本発明の乾式屋根を構成するデッキプレートは、頂部に水平面部を有し同水平面部の両側に側面部を備える凸峰部が形成され、両側面部に対称形状とする顎部を設けた構成とされている。また、吊り金具は、前記天井部材を連結するネジ部を有する吊り部と、同吊り部の頂部と連結され、同吊り部と直交する方向へ延びる水平拡張部と、同水平拡張部両端から下向きに前記顎部を抱持する形状に屈曲又は湾曲された抱持部とで構成されている。
上記吊り金具は、前記デッキプレートの凸峰部の水平面部の設置孔へ吊り部が上方位置から挿入されてデッキプレートの下方へ突き出され、前記抱持部が凸峰部の顎部を抱持して、吊り金具をデッキプレートへ取付ける構造である。
この取付構造は、デッキプレートの上面へ部材が突出することが一切無い構造である。

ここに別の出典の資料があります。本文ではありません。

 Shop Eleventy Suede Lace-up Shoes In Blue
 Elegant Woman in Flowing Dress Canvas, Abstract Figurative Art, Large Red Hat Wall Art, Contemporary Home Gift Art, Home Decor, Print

つまり、吊り部の頂部には、水平拡張部が設けられているため、天井部材が吊り金具の上方へ突出することがなくフラットな上面を実現できる。したがって、デッキプレートの上面に断熱材や防水シートから成る屋根材を設置する際に吊り金具が支障を及ぼすことがなく乾式屋根において有効な取付構造及び取付方法である。また、吊り金具は、その抱持部がデッキプレートの凸峰部の顎部へきっちり嵌り合って固定する構成であるため、面倒なボルト接合やたたき込み作業をせず非常に簡易な方法で取り付けることが可能である。
【0015】
また、請求項2及び5によれば、吊り金具は、その水平拡張部が凸峰部の長さ方向に対してたすき掛けの如く片傾斜の配置位置に水平回動されて、凸峰部の顎部に取り付けられる構成である。つまり、水平拡張部の全長は凸峰部の幅よりも長い。したがって、吊り金具は、その吊り部をデッキプレートの凸峰部の設置孔へ上方位置から挿入し、前記水平拡張部を吊り部を中心に水平回動させて、抱持部と凸峰部の顎部とを嵌め合わせてデッキプレートへ取り付けることができる。つまり、吊り金具は、吊り部を水平拡張部の最大長さを得られる角度で挿入し、前記抱持部と顎部の嵌め合わせ位置で吊りボルトの螺着方向へ水平回動するのみで両者をきっちりと取付られるので非常に簡単である。のみならず、両者がきっちり嵌め合わさるので、天井部材を吊り部へ螺着する際、共回することを確実に防止できる。
【0016】
更に、請求項4及び6によれば、吊り金具の水平拡張部は、平面視がX字形状に配置されたアーム材と、同アーム材を回動可能に連結する支持材とで成り、少なくとも片側の対峙するアーム材同士の距離を一定の範囲内で可変可能に取り付けられたバネ材の弾性力により抱持部を凸峰部の顎部へ嵌め合わせる構造である。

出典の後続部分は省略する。